*** Opening Given information ***
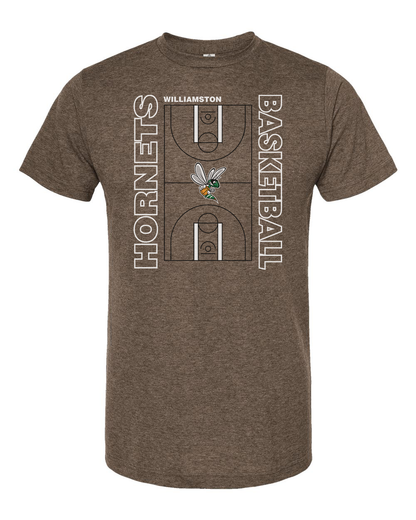 Hornets Williamston Basketball Court - Tultex - Heat Transferred - Adult T-Shirt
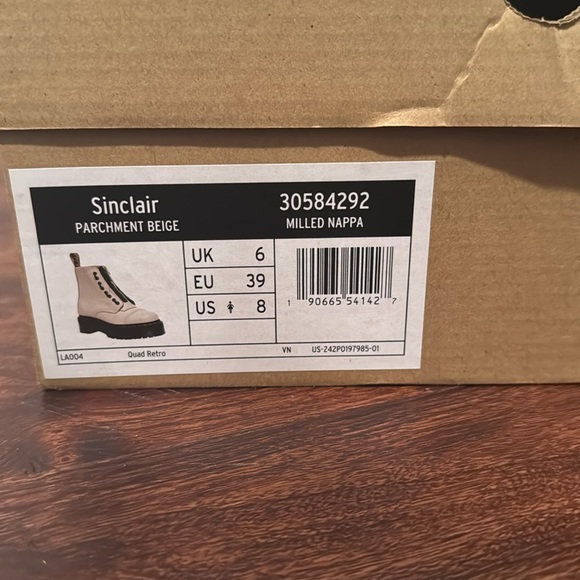 Dr. Martens Cream Leather Combat Boots - Picture 4 of 6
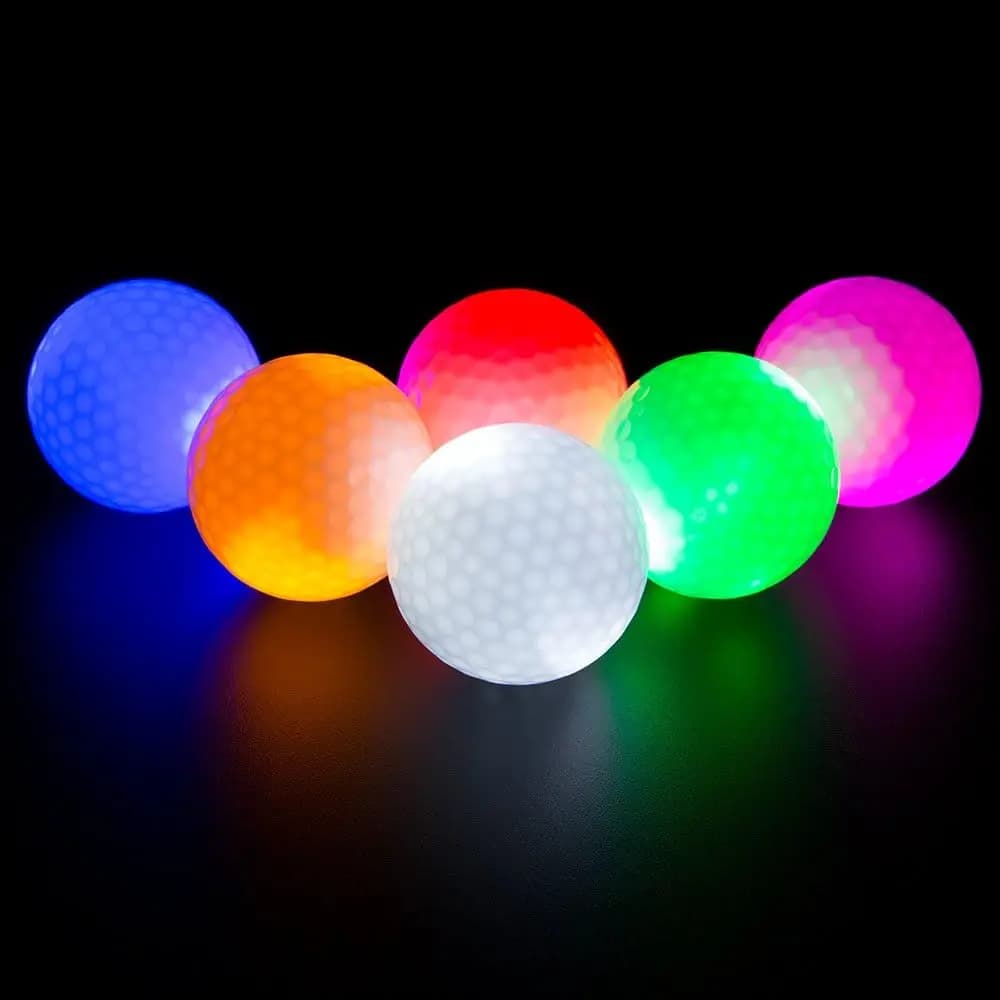 Palline da golf luminose al buio, palline da golf a LED, set regalo per golf notturno per uomini, bambini, donne, confezione da 6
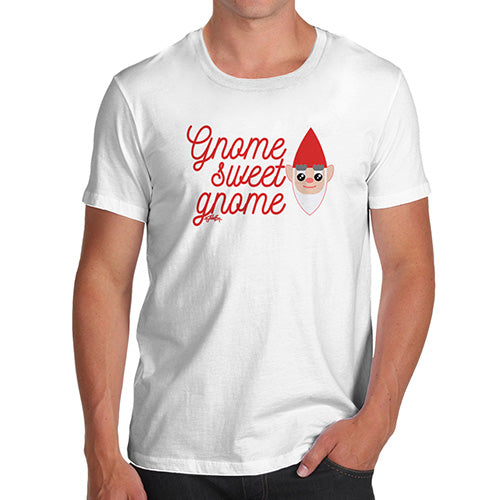 Funny Mens T Shirts Gnome Sweet Gnome Men's T-Shirt Small White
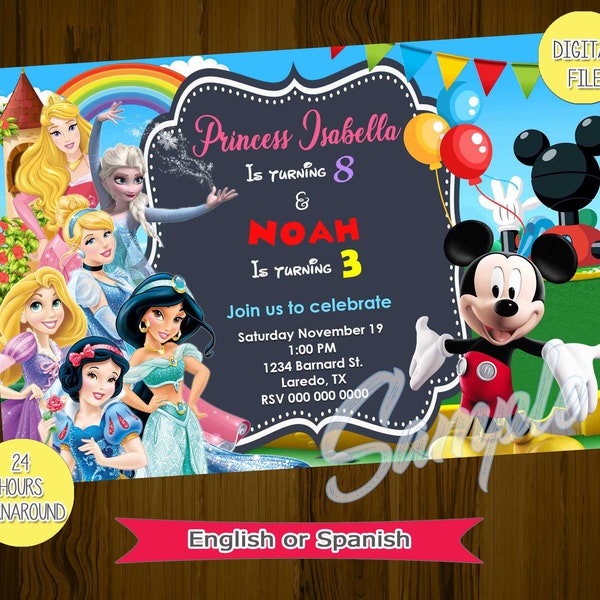 Sibling invite, princesses and mickey invite, Princess and Mickey invitation, Sibling birthday party, fiesta de cumpleaños doble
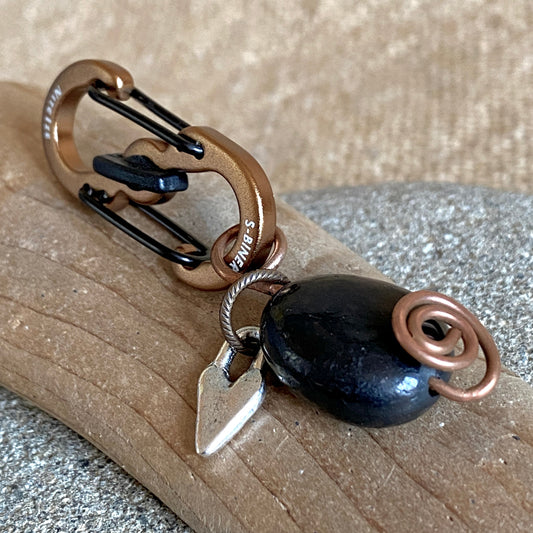 Shungite Clip-On for Pets |  Oval Drop Bead, Silver Heart Charm, Copper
*** Closing Given information ***
What is needed —
Print out each record exactly as shown, but keep the pictures out.

Exercise output —
 Hornets Williamston Basketball Court - Tultex - Heat Transferred - Adult T-Shirt
 Dr. Martens Cream Leather Combat Boots - Picture 4 of 6
 Palline da golf luminose al buio, palline da golf a LED, set regalo per golf notturno per uomini, bambini, donne, confezione da 6
 Funny Mens T Shirts Gnome Sweet Gnome Men's T-Shirt Small White
 Sibling invite, princesses and mickey invite, Princess and Mickey invitation, Sibling birthday party, fiesta de cumpleaños doble
 Shungite Clip-On for Pets |  Oval Drop Bead, Silver Heart Charm, Copper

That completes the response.